4. Lost Monteverdi works

Monteverdi realized very early on in the opera game that for opera as a new musical genre to be successful, it must have a sweeping musical structure supporting the dramatic flow. This explains why Orfeo became such a huge success. However, Monteverdi came up with at least 12 other operas that are supposedly lost. The only pieces of his compositions that survive that can enable complete performances to be created are Il Ritorno d’Ulisse in Patria (1640) and L’Incoronazione di Poppea, which was created in 1642, right before he passed away. Both of these operas were performed when Venice’s first opera house was opened in 1637.

5. Claudio and Claudia

In 1599, Monteverdi married his wife Claudia Cattaneo, who was a court singer. The couple had three children but one of them passed away in infancy. A few weeks after Orfeo was first produced, his wife passed away after years of illness. After her death, Monteverdi suffered a long depression but bounced back after he was summoned to create an opera for Francesco Gonzaga’s marriage to Margaret of Savoy.

6. He transformed the St. Mark’s Basilica in Venice

During his era, being appointed as director of the St. Mark’s Basilica in Venice was something of an honor. The Basilica had been mismanaged for years by ineffective maestros, and in 1613, administrators convinced Monteverdi to take charge of the musical operations. Within a short time, Monteverdi had completely transformed the Basilica having reorganized the operation completely. He hired new players and singers that were well trained, he had the library restocked and he provided a platform where old world repertory and new musical compositions could unite. He maintained the title of directorship for the next 30 years.

7. Madrigals

Madrigals were popular during the Renaissance Period but unlike opera, which was designed for a single voice, madrigals were part songs designed to be sung by several voices. Monteverdi created nine books of madrigals, which consolidated the achievement of all the late Renaissance masters. However, it also paved the way for the creation of a new aesthetic in musical Baroque.

8. Church music

Aside from opera and madrigals, he is also known for his collection of sacred music. His is remembered for his stunning collection of works that were published in Venice between 1640 and 1641. The collection of scores was known as the Vesper Psalms. He also created a mass of thanksgiving in 1631.

9. He became a priest

Monteverdi did not manage to emotionally recover from his wife’s death despite the musical distractions around him. He entered the priesthood in 1632 and during this period, he composed some of the best-sacred music for the Roman Catholic Church.
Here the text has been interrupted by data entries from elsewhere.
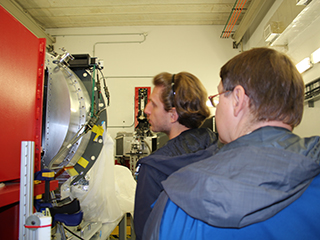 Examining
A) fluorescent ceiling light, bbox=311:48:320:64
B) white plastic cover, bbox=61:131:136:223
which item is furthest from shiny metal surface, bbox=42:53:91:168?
fluorescent ceiling light, bbox=311:48:320:64

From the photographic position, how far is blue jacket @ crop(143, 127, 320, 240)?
1.54ft

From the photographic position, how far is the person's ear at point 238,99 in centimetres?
69

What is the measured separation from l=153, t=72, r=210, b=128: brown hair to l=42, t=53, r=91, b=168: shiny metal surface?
512mm

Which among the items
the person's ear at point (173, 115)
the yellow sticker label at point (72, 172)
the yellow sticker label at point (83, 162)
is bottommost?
the yellow sticker label at point (72, 172)

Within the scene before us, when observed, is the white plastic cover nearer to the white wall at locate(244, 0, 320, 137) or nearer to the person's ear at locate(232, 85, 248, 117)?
the person's ear at locate(232, 85, 248, 117)

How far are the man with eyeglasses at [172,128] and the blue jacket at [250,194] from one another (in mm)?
394

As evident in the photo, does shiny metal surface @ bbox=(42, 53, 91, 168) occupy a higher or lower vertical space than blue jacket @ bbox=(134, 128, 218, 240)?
higher

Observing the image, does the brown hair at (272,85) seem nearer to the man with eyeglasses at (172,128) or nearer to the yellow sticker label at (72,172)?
the man with eyeglasses at (172,128)

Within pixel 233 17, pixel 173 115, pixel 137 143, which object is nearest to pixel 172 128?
pixel 173 115

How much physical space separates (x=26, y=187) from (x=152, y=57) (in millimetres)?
4453

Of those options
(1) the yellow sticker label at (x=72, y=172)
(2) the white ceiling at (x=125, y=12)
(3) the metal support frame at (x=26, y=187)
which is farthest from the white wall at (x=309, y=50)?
(3) the metal support frame at (x=26, y=187)

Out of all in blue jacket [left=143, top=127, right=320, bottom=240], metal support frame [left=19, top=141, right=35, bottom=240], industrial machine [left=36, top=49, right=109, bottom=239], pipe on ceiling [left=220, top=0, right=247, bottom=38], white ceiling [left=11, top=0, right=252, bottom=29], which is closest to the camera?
blue jacket [left=143, top=127, right=320, bottom=240]

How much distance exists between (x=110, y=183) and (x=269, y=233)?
1466 millimetres

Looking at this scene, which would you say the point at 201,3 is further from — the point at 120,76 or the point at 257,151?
the point at 257,151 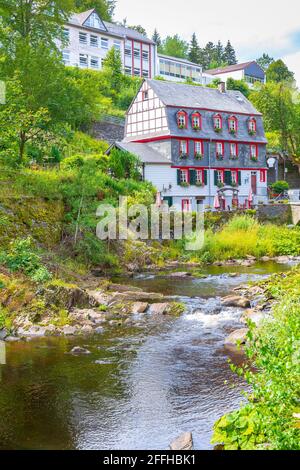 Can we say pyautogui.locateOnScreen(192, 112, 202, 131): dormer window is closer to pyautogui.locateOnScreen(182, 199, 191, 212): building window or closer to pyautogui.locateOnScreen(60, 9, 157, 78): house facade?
pyautogui.locateOnScreen(182, 199, 191, 212): building window

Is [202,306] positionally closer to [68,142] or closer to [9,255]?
[9,255]

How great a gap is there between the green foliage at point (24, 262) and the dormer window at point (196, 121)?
24.3 m

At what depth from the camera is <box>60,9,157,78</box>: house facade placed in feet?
198

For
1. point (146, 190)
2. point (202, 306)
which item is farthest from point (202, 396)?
point (146, 190)

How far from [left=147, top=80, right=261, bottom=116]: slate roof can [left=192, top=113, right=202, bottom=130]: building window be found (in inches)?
28.2

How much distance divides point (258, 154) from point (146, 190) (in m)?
15.6

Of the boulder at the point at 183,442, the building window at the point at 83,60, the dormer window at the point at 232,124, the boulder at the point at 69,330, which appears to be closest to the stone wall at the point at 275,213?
the dormer window at the point at 232,124

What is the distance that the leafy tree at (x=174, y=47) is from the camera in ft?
298

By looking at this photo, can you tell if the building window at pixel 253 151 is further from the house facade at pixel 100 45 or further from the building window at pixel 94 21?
the building window at pixel 94 21

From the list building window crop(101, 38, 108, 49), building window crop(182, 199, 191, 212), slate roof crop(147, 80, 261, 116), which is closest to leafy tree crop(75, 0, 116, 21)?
building window crop(101, 38, 108, 49)

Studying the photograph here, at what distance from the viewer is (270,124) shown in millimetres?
54719

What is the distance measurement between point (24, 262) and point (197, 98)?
93.1ft

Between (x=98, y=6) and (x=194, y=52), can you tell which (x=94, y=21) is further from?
(x=194, y=52) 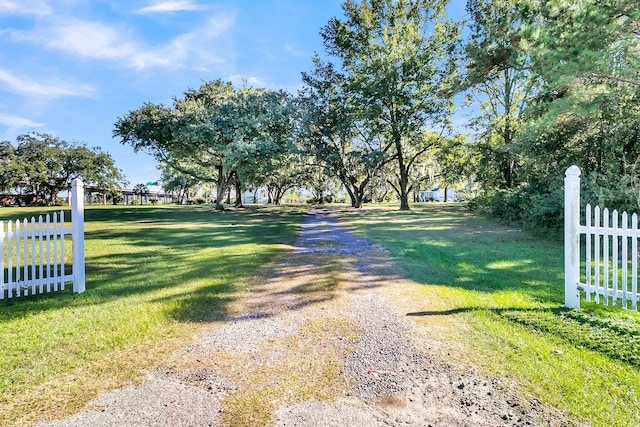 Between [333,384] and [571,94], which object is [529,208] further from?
[333,384]

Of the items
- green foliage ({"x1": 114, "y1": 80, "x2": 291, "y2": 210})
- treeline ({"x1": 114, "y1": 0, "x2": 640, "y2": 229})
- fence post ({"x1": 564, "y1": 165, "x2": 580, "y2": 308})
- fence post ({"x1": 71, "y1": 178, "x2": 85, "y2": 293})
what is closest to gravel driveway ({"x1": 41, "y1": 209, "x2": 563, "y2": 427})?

10. His music is still performed today

Monteverdi is still as respected today as he was during the 17th century. Inventively dramatized versions of the complete Fourth Book of Madrigals (1603) are performed regularly by music ensembles all over the world to sold-out audiences. Orfeo, which is considered the original opera, has achieved staggering fame, while his mystical and beautiful Vespers of 1610 are still taught in classrooms today.